Work to be completed =>
Transcribe the listing below verbatim, omitting pictures.

:: Data ::

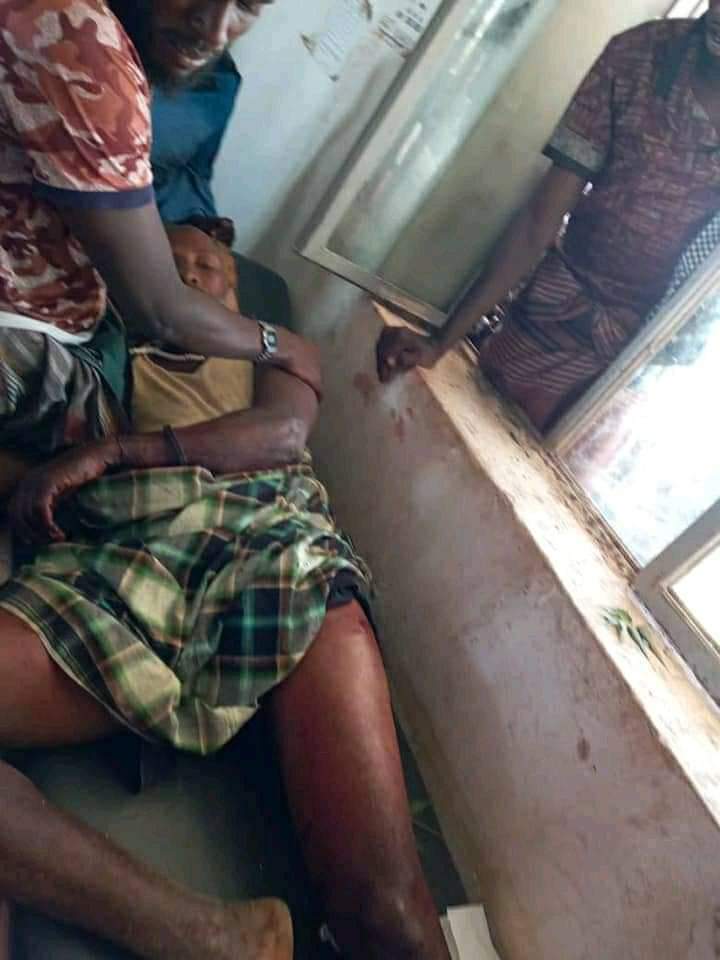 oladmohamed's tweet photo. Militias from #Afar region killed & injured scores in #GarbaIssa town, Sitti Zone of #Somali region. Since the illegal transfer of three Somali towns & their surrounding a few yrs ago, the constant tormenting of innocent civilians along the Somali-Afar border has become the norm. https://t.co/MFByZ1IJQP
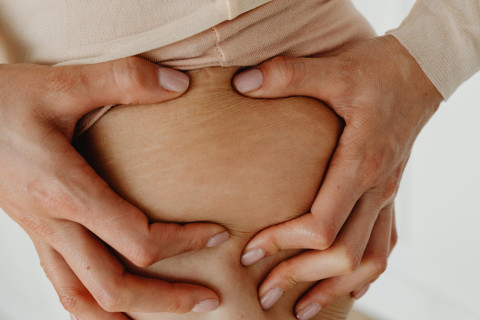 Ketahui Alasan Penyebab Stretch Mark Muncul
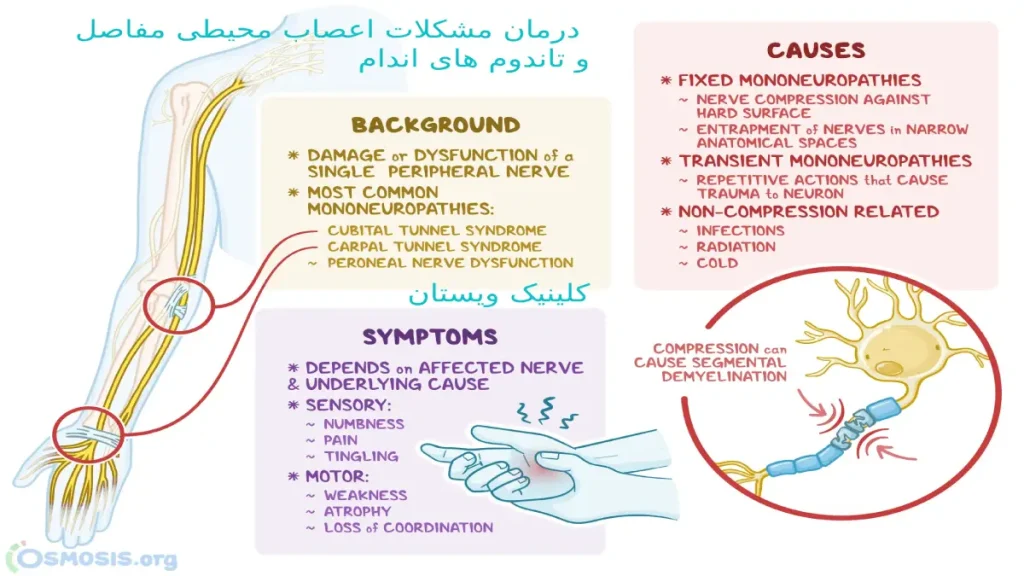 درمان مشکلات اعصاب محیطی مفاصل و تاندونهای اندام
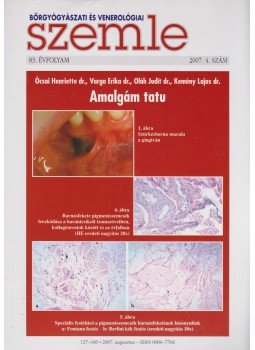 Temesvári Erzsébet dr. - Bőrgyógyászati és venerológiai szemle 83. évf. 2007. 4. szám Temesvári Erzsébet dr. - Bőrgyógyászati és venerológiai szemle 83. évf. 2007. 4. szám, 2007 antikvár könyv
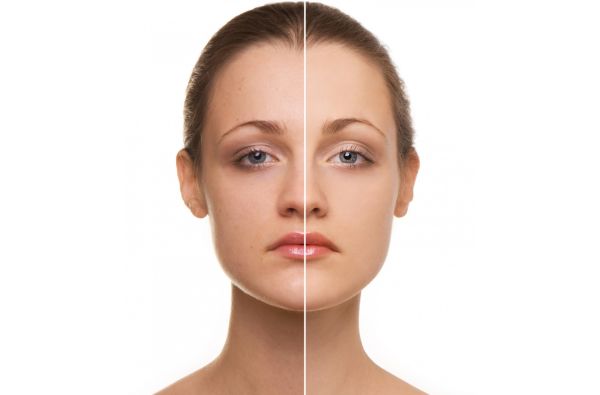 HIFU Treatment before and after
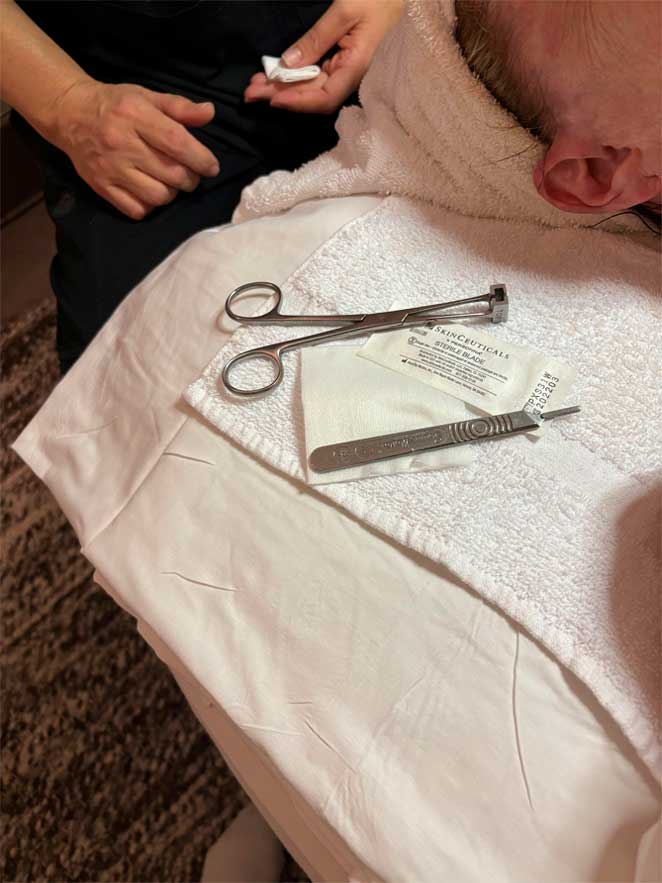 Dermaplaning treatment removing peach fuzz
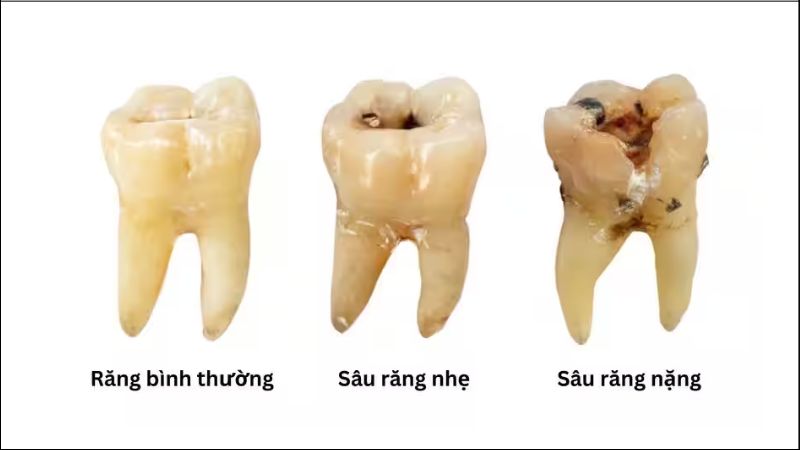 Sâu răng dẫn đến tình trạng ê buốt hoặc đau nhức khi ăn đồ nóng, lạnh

:::

Written reply =>
 oladmohamed's tweet photo. Militias from #Afar region killed & injured scores in #GarbaIssa town, Sitti Zone of #Somali region. Since the illegal transfer of three Somali towns & their surrounding a few yrs ago, the constant tormenting of innocent civilians along the Somali-Afar border has become the norm. https://t.co/MFByZ1IJQP
 Ketahui Alasan Penyebab Stretch Mark Muncul
 درمان مشکلات اعصاب محیطی مفاصل و تاندونهای اندام
 Temesvári Erzsébet dr. - Bőrgyógyászati és venerológiai szemle 83. évf. 2007. 4. szám Temesvári Erzsébet dr. - Bőrgyógyászati és venerológiai szemle 83. évf. 2007. 4. szám, 2007 antikvár könyv
 HIFU Treatment before and after
 Dermaplaning treatment removing peach fuzz
 Sâu răng dẫn đến tình trạng ê buốt hoặc đau nhức khi ăn đồ nóng, lạnh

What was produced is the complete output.